Ana Rodrigues Publicado em 22/12/2023, às 11h54
No Brasil, cerca de 92,1 milhões de pessoas se declaram pardas - equivalente 45,3% da população. Desde 1991 - época que o Instituto Brasileiro de Geografia e Estatística (IBGE) passou a adotar as cinco categorias atuais (amarelos, brancos, indígenas, pardos e pretos), essa é a primeira vez que esse grupo étnico é maioria, ultrapassando o número de 88,2 milhões brancos (43,5%).
Segundo o Metrópoles, a identificação étnico-racial da população, por sexo e idade, foi divulgado nesta sexta-feira (22), Com relação ao último Censo, de 2010, as pessoas pardas apresentam um crescimento de 11,9%.
Segundo o Censo, dos 203,1 milhões de brasileiros, 20,6 milhões se declaram pretos (10,2%), 1,7 milhão se dizem indígenas (0,8%) e 850,1 mil, amarelos (0,4%).
Entre 1991 e 2022, dá para notar o aumento da declaração por pardos, pretos e indígenas, enquanto a proporção de brancos diminui e a população amarela mantém certa estabilidade, mas ainda apresenta queda.
No período de 2010 a 2022, a população preta cresceu 42,3%, passando de 14,5 milhões para 20,6 milhões. E, nesse mesmo intervalo, a população indígena aumentou 89%, de 896,9 mil para 1,7 milhão.

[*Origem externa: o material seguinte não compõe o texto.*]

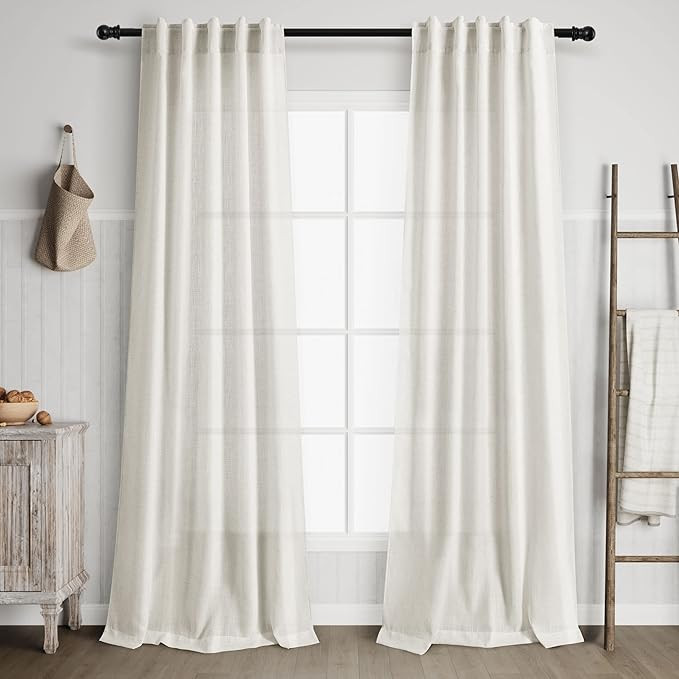 38 inches Wide Cream Natural Linen Curtains 90 Inch Length 2 Panels for Living Room Rod Pocket Ba... | Amazon (US)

Já a população amarela e a branca sofreu decréscimo de 59,2% e 3,1%, respectivamente. Saindo de 2,08 milhões para 850,1 mil de amarelos e passando de 91 milhões para 88,2 milhões de brancos.
De acordo com o IBGE, na coleta do Censo 2022 apenas 11.119 pessoas não declararam a pergunta de cor ou raça. O instituto não levou em consideração as análises sem declaração.
O maior percentual de pardos - cerca de 67,2% - concentra-se na Região Norte. E no outro extremo, na Região Sul a predominância é de brancos (72,6%). O Nordeste registrou o maior percentual de pretos na população (13%). Norte e Sudeste têm mais indígenas e amarelos, respectivamente.
Norte
Nordeste
Centro-Oeste
Sudeste
Sul
Já entre os estados, o maior percentual de pardos é do Pará (69,9%), de brancos está no Rio Grande do Sul (78,4%), de pretos é da Bahia (22,4%), a maior população de amarelos encontra-se em São Paulo (1,2%) e a de indígenas (15,4%).
A população parda é predominante em 3.245 municípios, seguida pela população branca em 2.283. Nenhum município tem população majoritariamente amarela. Mesmo correspondendo a menos de 1% da população total, os indígenas são o grupo predominante em 33 municípios. E, a população preta predomina em nove cidades.
Entre 2010 e 2022, as populações preta, indígena e parda ganharam participação em todos recortes etários, enquanto as populações branca e amarela perderam participação.
A idade média no Brasil é de 35 anos. Quando comparados os índices de raça e idade, a população amarela tem a idade média mais elevada (44 anos), seguida da população branca (37 anos), preta (36 anos), parda (32 anos) e indígena (25 anos).
O Censo 2022 indica que o maior índice de envelhecimento é o da população amarela (256,5). Logo depois vem a preta (108,3), branca (98), parda (60,6) e indígena (35,6). Todas as etnias apresentaram envelhecimento mais elevado em comparação com 2010.
No Brasil, há mais mulheres brancas, amarelas, pardas e indígenas que homens nos respectivos grupos. Somente entre a população preta o número de homens supera o de mulheres.
Quando o indicador de razão de sexo, sinaliza a proporção de homens em relação às mulheres, superior a 100, significa que nesse grupo existem mais homens do que mulheres. Caso contrário, há mais mulheres do que homens. No Brasil, essa razão é de 94,2.